§ **Problem requirements**
In the material below, find the line with "Necklace Earrings Set" and the line with "Woven Polyester Fiber". Output exactly those two lines and all lines between them, leaving out pictures.

§ **Source records**
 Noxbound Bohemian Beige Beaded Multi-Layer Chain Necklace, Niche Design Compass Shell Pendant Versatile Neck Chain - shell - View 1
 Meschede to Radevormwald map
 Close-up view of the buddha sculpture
---
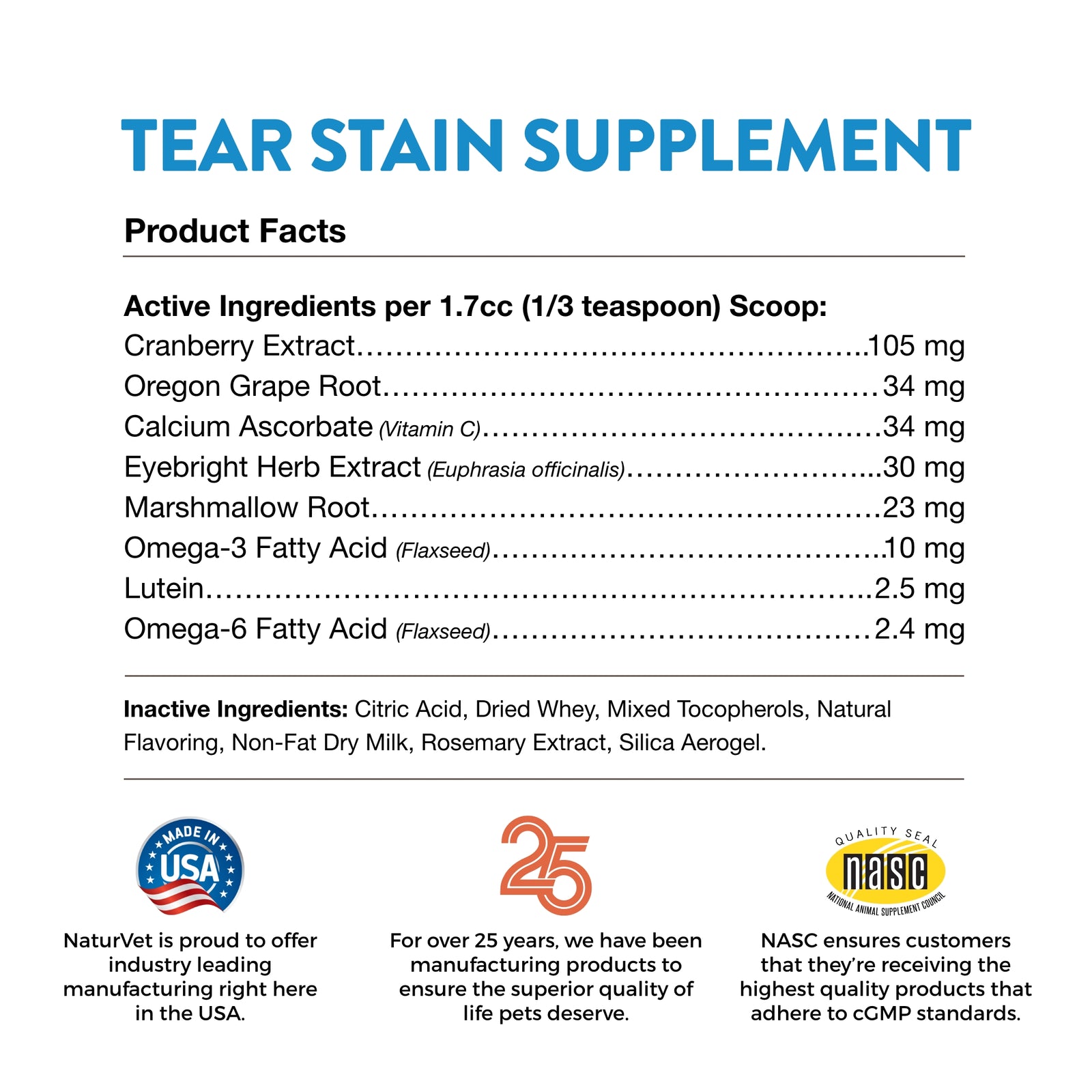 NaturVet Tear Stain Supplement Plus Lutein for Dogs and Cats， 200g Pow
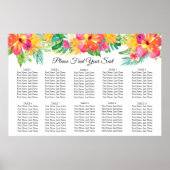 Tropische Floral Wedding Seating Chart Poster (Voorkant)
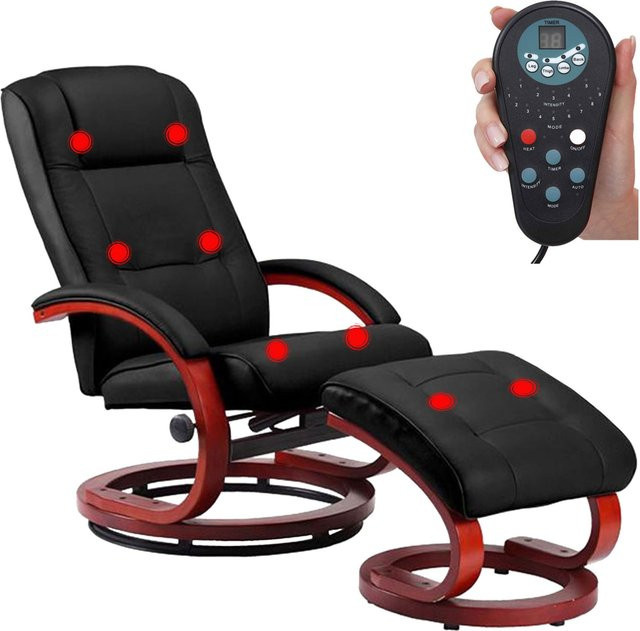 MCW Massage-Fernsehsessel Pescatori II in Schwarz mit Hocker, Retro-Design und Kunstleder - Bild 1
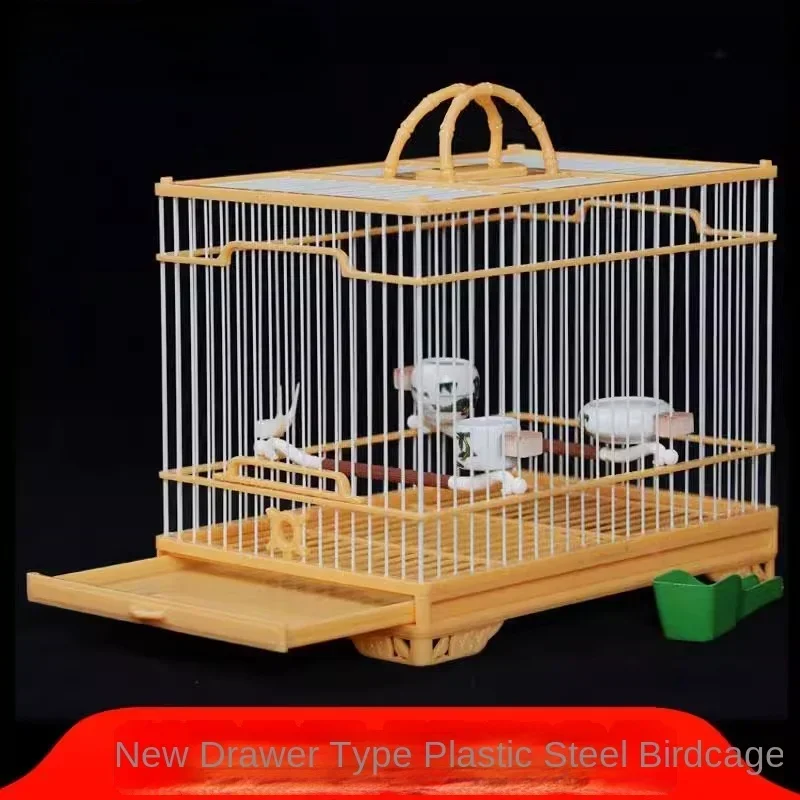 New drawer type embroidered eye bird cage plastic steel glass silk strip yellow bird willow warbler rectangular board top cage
--
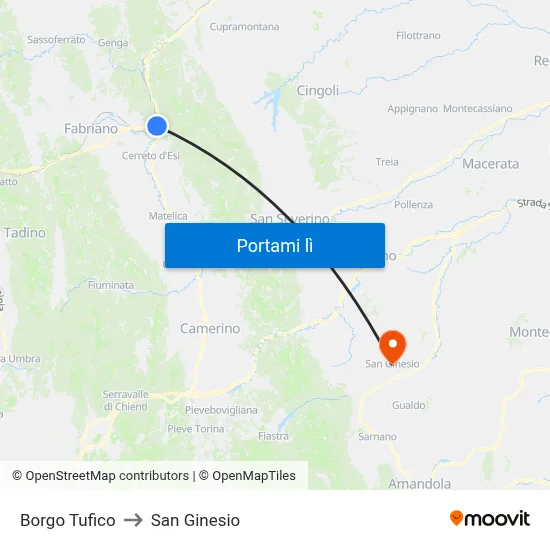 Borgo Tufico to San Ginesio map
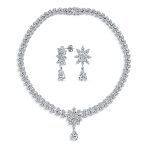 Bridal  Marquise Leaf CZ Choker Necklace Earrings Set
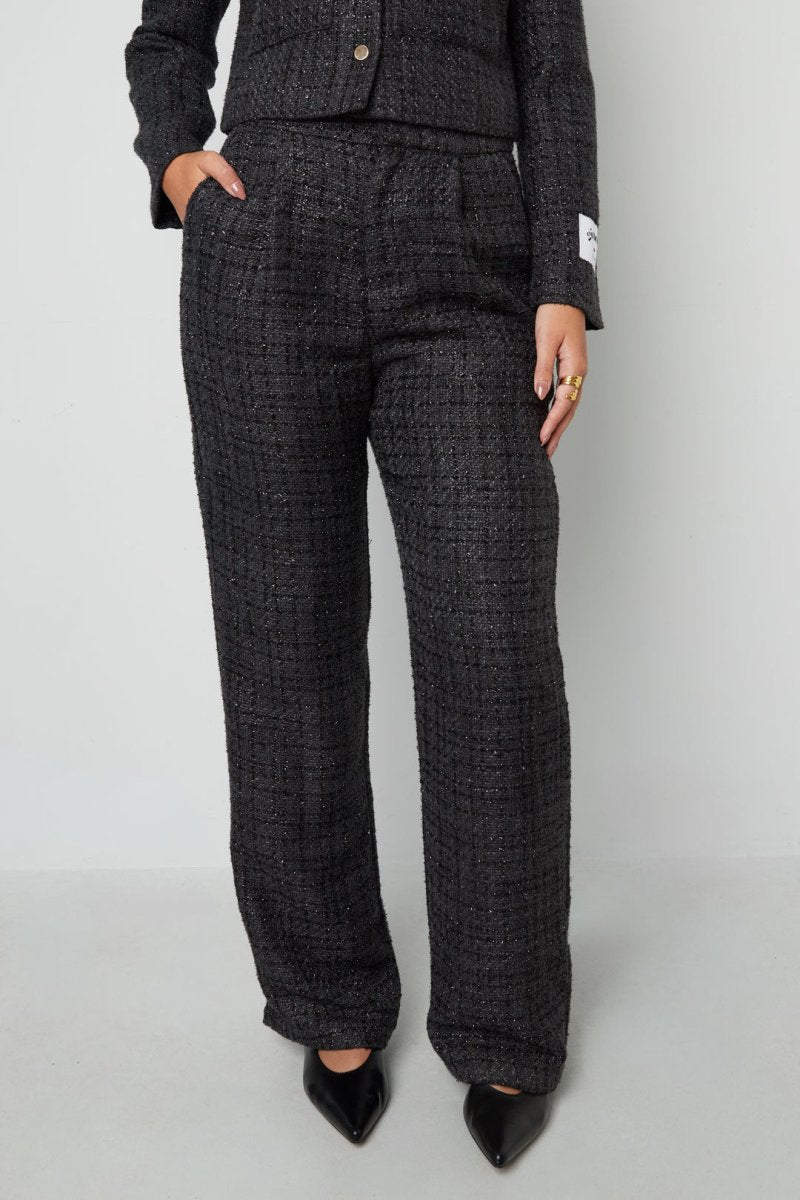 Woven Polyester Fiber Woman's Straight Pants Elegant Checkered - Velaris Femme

§ **Finished exercise**
 Bridal  Marquise Leaf CZ Choker Necklace Earrings Set
 Woven Polyester Fiber Woman's Straight Pants Elegant Checkered - Velaris Femme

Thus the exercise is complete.